[Chapter 4] 4.6 A Brief Tutorial: Manipulating Lists of Lists

4.6 A Brief Tutorial: Manipulating Lists of Lists

There are many kinds of nested data structures. The simplest kind to build is a list of lists (also called an array of arrays, or a multi-dimensional array). It's reasonably easy to understand, and almost everything that applies here will also be applicable to the fancier data structures.

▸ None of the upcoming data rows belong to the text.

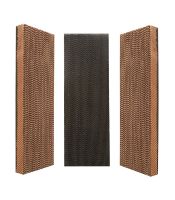 Tấm Làm Mát Cooling Pad Chống Riêu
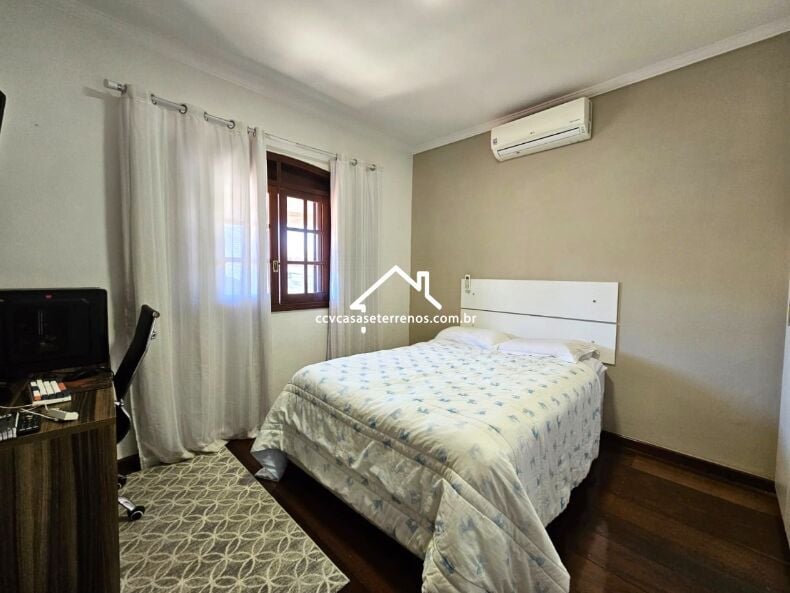 Sobrado, 310 m² - Foto 14
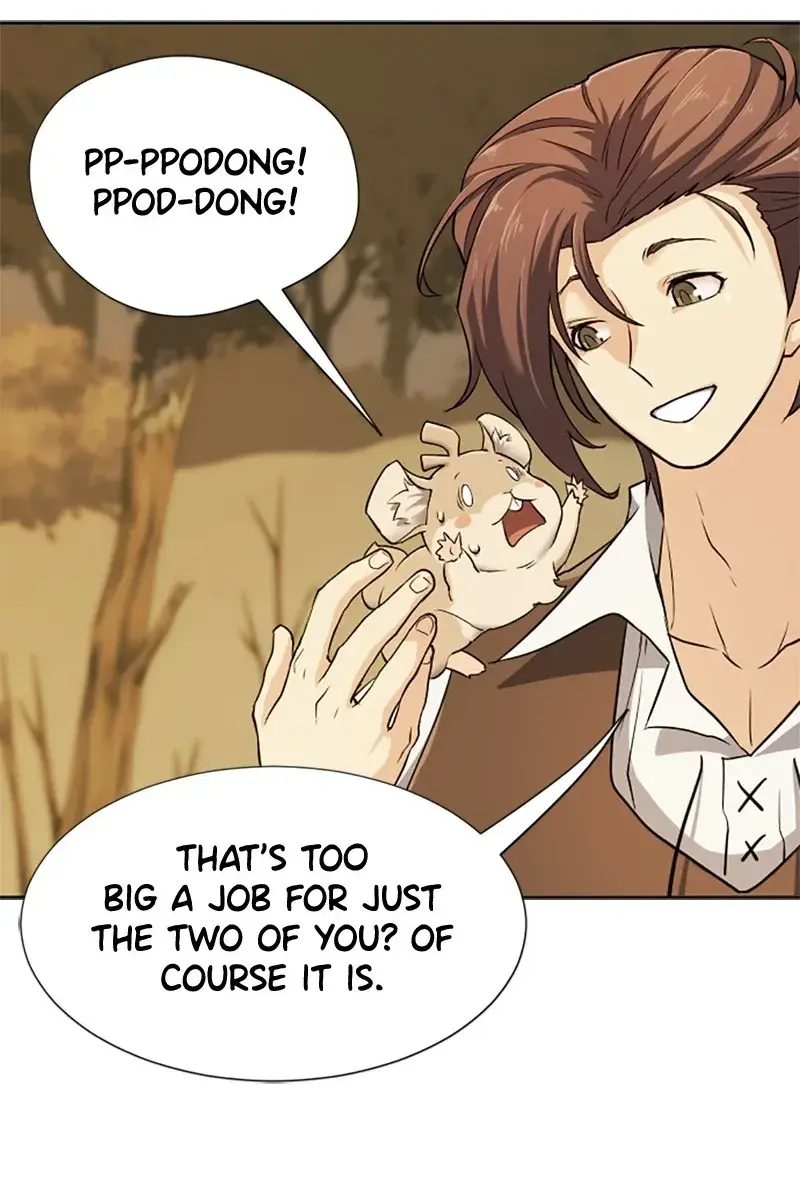 The Greatest Estate Developer Chapter 19 Page 80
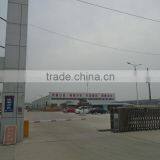 Shandong Weida Transport Facilities Co., Ltd. company overview - view 2 thumbnail
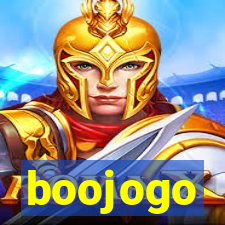 boojogo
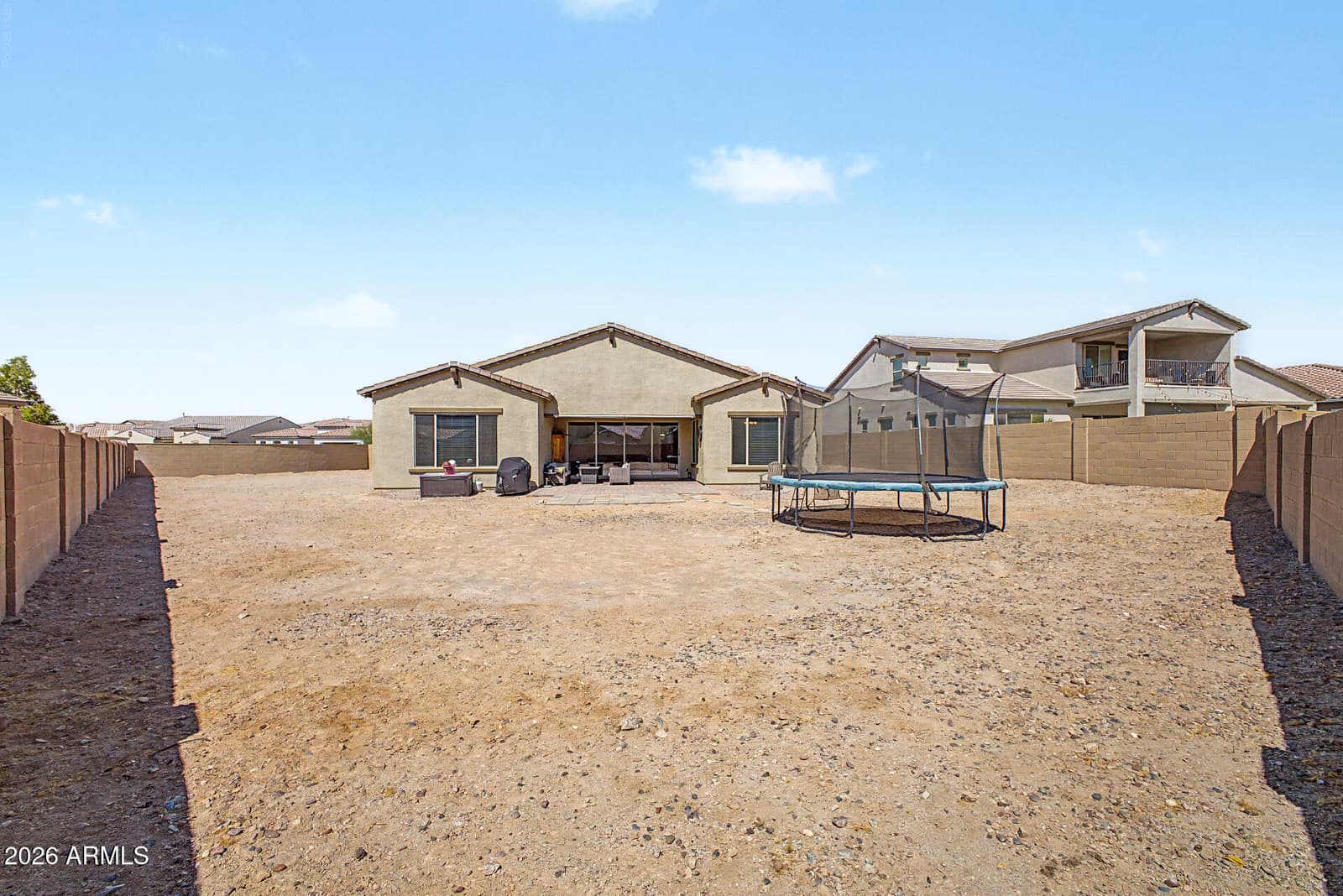 14214 S 179TH Avenue, Goodyear, AZ 85338 — photo 33 of 46
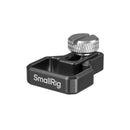 SmallRig Clamp for HDMI Cable for Sony Alpha 7 V / 7 IV Cages 6406
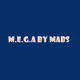 M.E.G.A. By MABS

4.6.1 Composition and Access

Here's how to put together a two-dimensional array value:

# assign to an array a list of list references
@LoL = ( 
       [ "fred", "barney" ],
       [ "george", "jane", "elroy" ],
       [ "homer", "marge", "bart" ],
);

print $LoL[2][2];   # prints "bart"

The overall list is enclosed by parentheses, not brackets. That's because you're assigning a list to an array. If you didn't want the result to be a list, but rather a reference to an array, then you would use brackets on the outside:

# assign to a scalar variable a reference to a list of list references
$ref_to_LoL = [
    [ "fred", "barney", "pebbles", "bambam", "dino", ],
    [ "homer", "bart", "marge", "maggie", ],
    [ "george", "jane", "elroy", "judy", ],
];

print $ref_to_LoL->[2][2];   # prints "elroy"

$ref_to_LoL is a reference to an array, whereas @LoL is an array proper. The parentheses (indicating a list) have changed to brackets (indicating the creation of a reference to an array). Unlike C, Perl doesn't allow you to freely interchange arrays with references to arrays. This is a feature.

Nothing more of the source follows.